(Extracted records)

····················

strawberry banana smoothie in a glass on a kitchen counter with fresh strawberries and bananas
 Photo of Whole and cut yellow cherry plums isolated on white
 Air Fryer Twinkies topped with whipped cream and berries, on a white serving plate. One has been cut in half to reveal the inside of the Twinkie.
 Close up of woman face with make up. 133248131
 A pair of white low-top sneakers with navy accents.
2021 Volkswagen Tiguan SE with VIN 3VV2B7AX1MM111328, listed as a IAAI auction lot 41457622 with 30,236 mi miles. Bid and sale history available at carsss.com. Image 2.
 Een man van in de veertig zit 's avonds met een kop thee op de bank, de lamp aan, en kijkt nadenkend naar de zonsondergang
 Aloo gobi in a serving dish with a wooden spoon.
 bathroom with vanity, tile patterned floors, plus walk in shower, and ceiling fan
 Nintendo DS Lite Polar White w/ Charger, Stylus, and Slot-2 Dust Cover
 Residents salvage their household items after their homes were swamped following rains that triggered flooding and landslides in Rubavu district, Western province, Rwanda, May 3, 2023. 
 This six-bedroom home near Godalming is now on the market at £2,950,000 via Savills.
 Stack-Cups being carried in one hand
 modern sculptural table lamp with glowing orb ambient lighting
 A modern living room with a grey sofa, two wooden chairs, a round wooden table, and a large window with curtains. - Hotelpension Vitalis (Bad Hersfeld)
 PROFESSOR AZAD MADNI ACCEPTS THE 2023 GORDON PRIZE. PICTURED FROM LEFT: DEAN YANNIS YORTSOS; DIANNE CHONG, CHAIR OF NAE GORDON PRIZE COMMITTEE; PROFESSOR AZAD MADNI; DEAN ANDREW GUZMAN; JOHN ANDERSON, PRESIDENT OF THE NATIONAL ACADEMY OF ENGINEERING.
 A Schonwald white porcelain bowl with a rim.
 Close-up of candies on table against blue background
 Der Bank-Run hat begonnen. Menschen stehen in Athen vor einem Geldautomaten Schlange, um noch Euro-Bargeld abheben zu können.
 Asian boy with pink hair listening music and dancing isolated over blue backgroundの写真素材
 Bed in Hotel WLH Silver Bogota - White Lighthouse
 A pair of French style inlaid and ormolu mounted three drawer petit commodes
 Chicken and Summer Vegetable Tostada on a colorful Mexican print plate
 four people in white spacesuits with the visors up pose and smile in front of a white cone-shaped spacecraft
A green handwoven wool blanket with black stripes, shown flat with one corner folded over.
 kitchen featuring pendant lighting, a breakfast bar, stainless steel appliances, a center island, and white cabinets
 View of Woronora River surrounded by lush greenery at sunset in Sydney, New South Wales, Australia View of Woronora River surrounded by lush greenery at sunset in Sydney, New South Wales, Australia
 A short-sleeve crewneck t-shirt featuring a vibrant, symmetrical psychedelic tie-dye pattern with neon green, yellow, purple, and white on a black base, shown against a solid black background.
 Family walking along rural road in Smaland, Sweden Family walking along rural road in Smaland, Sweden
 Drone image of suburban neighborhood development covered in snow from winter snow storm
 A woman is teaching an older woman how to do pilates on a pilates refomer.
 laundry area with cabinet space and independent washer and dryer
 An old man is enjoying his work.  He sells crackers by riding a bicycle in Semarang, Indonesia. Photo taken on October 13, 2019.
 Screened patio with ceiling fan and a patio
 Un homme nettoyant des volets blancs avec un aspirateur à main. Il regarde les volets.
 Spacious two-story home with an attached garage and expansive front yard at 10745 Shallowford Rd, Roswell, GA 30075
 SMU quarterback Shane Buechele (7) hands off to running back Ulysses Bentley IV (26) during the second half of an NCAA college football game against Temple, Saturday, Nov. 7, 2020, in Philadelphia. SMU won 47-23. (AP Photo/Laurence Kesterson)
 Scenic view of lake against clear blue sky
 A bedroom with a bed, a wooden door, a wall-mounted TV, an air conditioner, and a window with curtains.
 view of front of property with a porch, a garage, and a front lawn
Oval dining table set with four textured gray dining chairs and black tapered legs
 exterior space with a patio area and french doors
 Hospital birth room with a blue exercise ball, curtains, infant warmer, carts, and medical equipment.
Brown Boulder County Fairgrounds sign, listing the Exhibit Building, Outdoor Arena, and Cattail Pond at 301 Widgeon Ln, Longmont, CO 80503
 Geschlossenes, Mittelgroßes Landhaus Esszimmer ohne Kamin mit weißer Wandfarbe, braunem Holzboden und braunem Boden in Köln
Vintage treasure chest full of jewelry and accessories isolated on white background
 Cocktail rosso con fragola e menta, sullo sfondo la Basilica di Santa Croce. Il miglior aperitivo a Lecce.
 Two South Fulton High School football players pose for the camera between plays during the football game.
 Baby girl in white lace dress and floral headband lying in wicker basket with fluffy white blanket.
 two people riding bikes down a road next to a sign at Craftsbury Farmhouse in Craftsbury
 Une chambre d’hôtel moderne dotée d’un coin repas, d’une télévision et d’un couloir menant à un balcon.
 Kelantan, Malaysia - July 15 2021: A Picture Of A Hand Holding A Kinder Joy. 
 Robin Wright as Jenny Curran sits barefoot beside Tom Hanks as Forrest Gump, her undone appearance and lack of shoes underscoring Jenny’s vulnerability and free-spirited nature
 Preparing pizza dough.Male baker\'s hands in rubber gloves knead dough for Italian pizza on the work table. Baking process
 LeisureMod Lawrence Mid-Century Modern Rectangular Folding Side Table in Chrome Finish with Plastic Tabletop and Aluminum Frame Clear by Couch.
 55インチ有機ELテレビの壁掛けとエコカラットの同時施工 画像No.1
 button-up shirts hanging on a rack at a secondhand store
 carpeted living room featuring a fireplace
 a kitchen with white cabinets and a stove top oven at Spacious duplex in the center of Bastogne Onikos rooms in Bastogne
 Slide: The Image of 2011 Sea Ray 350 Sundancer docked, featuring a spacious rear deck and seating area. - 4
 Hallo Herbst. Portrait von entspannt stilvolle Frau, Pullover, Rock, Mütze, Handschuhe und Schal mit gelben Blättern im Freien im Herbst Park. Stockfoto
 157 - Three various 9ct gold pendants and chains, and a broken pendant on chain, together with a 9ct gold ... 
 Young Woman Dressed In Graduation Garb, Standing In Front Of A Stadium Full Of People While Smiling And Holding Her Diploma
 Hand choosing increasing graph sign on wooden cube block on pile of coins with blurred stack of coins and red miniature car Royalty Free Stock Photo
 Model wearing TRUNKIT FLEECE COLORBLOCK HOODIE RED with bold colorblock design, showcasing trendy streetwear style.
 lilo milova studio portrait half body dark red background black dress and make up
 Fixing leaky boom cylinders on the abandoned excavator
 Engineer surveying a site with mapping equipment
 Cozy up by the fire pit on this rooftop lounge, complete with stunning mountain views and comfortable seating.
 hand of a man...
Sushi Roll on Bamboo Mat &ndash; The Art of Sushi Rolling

····················

> [What you have to do]: Begin with the line that contains "Fixing leaky boom" and print each line exactly until the data ends, including the last line.

> [Result for this exercise]:
 Fixing leaky boom cylinders on the abandoned excavator
 Engineer surveying a site with mapping equipment
 Cozy up by the fire pit on this rooftop lounge, complete with stunning mountain views and comfortable seating.
 hand of a man...
Sushi Roll on Bamboo Mat &ndash; The Art of Sushi Rolling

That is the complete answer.